Wenn die beiden das Problem ihres Lebens hin- und herdrehen wie die Glieder eines Knobelwürfels, kommen sie keiner Lösung näher. Sie sind inzwischen firm in juristischen und physiologischen Zusammenhängen. Weder Statistik hilft ihnen, noch das Gesetz. Im Gegenteil. Denn obwohl Monique das gleiche Problem hat wie rund 8 000 Frauen dieser Stadt, ist für sie doch alles anders: „Die Krankenkassen zahlen uns für eine Kinderwunschbehandlung keinen Zuschuss.“ Vor zehn Jahren wurden Mandy und Monique ein Paar, vor sechs Jahren haben sie geheiratet. Damals gab es die sogenannte Ehe für alle noch nicht. Lediglich eine eingetragene Lebenspartnerschaft eingehen zu können, störte sie nicht. „Wir heiraten ja für uns“, sagten die Frauen damals. Heute sagen sie: „Die Ehe für alle ist nicht die Ehe für alle.“

Der Beweis dafür hat einen Namen mit Paragrafenkringel: §27a. Er definiert die Kriterien für den finanziellen Zuschuss der gesetzlichen Krankenversicherungen zur künstlichen Befruchtung. Demnach zahlen die Kassen nur einen Beitrag, wenn „ausschließlich“ Ei und Samenzellen der Ehepartner verwendet werden. Dass Mandy mit Samenzellen nicht dienen kann, liegt in der Natur ihres Geschlechts. Dass Monique auf natürlichem Weg nicht schwanger wird, ist ein Schicksal, das Tausende heterosexuelle Frauen teilen. Warum wird anderen geholfen, ihnen aber nicht?

„Deutschland ist in diesen Dingen extrem rückschrittlich“, sagt Mandy. Dass künstliche Befruchtungen Geld kosten, findet sie in Ordnung. All die Mediziner, Biologen, Laboranten, Pfleger und Schwestern müssen bezahlt werden, sagt sie. Doch diese Ungleichbehandlung ist nicht zu verstehen. Die Erzieherin hat bereits eine 17-jährige Tochter. Ein weiteres Kind zur Welt bringen, möchte die 38-Jährige nicht. Aber Monique wünscht sich sehnlichst, Mutter zu werden. Mandy ebenso. Rund 16 000 Euro hat das Paar bereits bezahlt – für Untersuchungen, Medikamente und medizinische Eingriffe. Dafür verkauften sie erst ihr Motorrad und das zweite Auto, nahmen dann einen Kredit auf und sammelten Geld über das Internetportal gofundme.de.
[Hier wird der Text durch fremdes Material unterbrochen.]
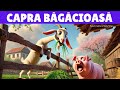 Capra băgăcioasă - Poveste Amuzantă cu Lecție Biblică despre Respect și Bun-Simț
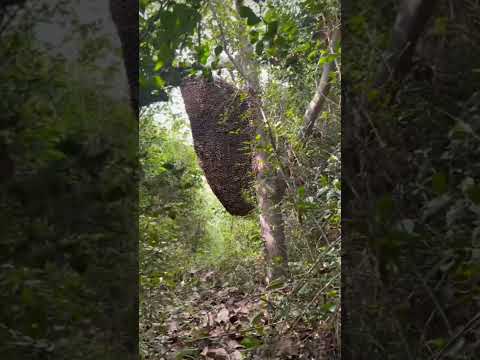 Пчеловодство. Супер рой в тропическом лесу. #пчеловодство #пчёлы #shorts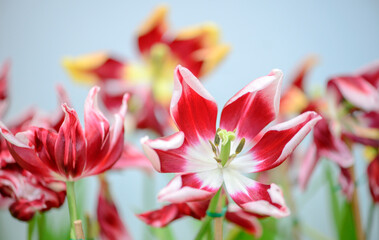 Fototapeta na wymiar faded tulips on grey wall background. 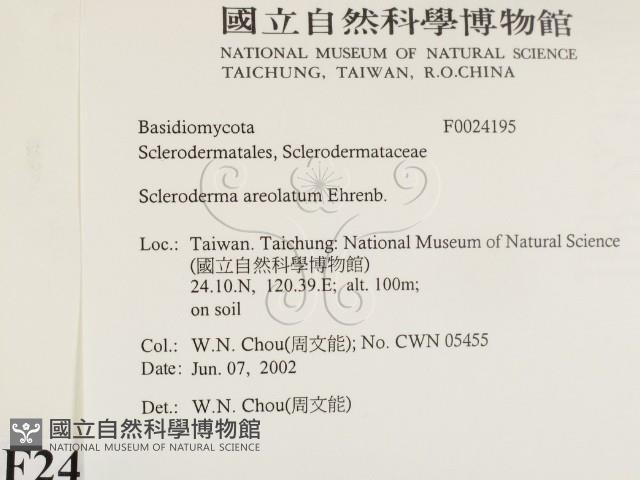 登錄號:F0024195藏品圖，第2張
„Zuerst haben wir es auf natürlichem Weg versucht“, sagt Monique. Drei Mal wurde sie von einem Bekannten schwanger, doch keine Schwangerschaft hielt. „Dann konnte ich das einfach nicht mehr“, sagt sie und half sich mit privat gespendetem Sperma und Spritze daheim. Doch Monique erlitt die vierte Fehlgeburt und verlor einen Eileiter.

Die fünfte ist noch nicht lange her. Nach aufwendigen Untersuchungen hatten ihr die Ärzte schließlich zugesichert: Ihre Voraussetzungen, ein Kind auszutragen, sind trotz allem gut. „Da haben wir uns zu einer künstlichen Befruchtung mit Unterstützung einer Samenbank entschlossen und trafen auf das nächste Problem.“ Nicht nur die Kostenübernahme der gesetzlichen Krankenkassen ist in Deutschland für homosexuelle Paare ausgeschlossen, egal ob in „Ehe für alle“ oder nicht. In Sachsen scheuen sich Ärzte davor, lesbische Frauen mit Sperma einer Samenbank zu behandeln. Sie fürchten sich davor, sittenwidrig zu handeln oder gar zu Unterhaltszahlungen verpflichtet zu werden. In Berlin aber haben Monique und Mandy eine Spezialklinik gefunden, die nicht nur hilft, sondern dem verzweifelten Paar nach jahrelanger Ausnahmesituation im medizinischen Getriebe ein Gefühl von Sicherheit und Grundvertrauen gibt. Die größte Wärme und Kraft aber findet sie in ihrer Familie und im Freundeskreis. „Mandy, unsere große Tochter Lea, meine Mutti, meine beste Freundin Peggy und meine Kollegen sind eine so wichtige Stütze“, sagt Monique, die ebenfalls als Erzieherin arbeitet. Sogar die Kinder, die die Pädagogin im Hort betreut, drücken ihr die Daumen.

Nachdem der erste Versuch missglückte, sind Monique und Mandy nun gerade wieder aus Berlin zurück. Bisher sähe alles besser denn je aus, erzählen sie. „Der Termin für den Test, ob ich wirklich schwanger bin, fällt just auf den Valentinstag. Das muss doch ein gutes Zeichen sein“, sagt Monique. Möge doch endlich ein kleines Leben in ihr einziehen. Im Zimmer nebenan steht die Wiege schon bereit, auch Wickeltisch und Kinderbett. Ein riesiger Plüschaffe lümmelt im Sessel, und handgemalte Äffchen hangeln sich die Wände entlang. Wieder hoffen und bangen auf das Familienglück unterm Regenbogen.